### Task inputs
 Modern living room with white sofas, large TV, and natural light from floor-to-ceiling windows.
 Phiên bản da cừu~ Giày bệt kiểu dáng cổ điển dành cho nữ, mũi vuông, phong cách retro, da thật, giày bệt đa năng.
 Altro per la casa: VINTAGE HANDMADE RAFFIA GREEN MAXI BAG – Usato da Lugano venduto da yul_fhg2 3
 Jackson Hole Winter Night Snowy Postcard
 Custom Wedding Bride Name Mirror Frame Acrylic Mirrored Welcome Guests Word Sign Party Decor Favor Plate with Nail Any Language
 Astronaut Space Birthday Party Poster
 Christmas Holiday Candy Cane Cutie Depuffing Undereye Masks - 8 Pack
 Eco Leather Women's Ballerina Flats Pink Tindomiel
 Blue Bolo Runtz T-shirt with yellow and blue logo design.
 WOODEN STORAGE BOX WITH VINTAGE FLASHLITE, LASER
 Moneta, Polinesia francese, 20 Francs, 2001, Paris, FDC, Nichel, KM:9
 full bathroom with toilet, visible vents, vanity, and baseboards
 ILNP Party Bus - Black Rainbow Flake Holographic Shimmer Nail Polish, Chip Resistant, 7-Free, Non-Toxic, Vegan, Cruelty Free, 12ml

### Task to complete
Every line with the string "Party" in the material should be returned.

### Output below
 Custom Wedding Bride Name Mirror Frame Acrylic Mirrored Welcome Guests Word Sign Party Decor Favor Plate with Nail Any Language
 Astronaut Space Birthday Party Poster
 ILNP Party Bus - Black Rainbow Flake Holographic Shimmer Nail Polish, Chip Resistant, 7-Free, Non-Toxic, Vegan, Cruelty Free, 12ml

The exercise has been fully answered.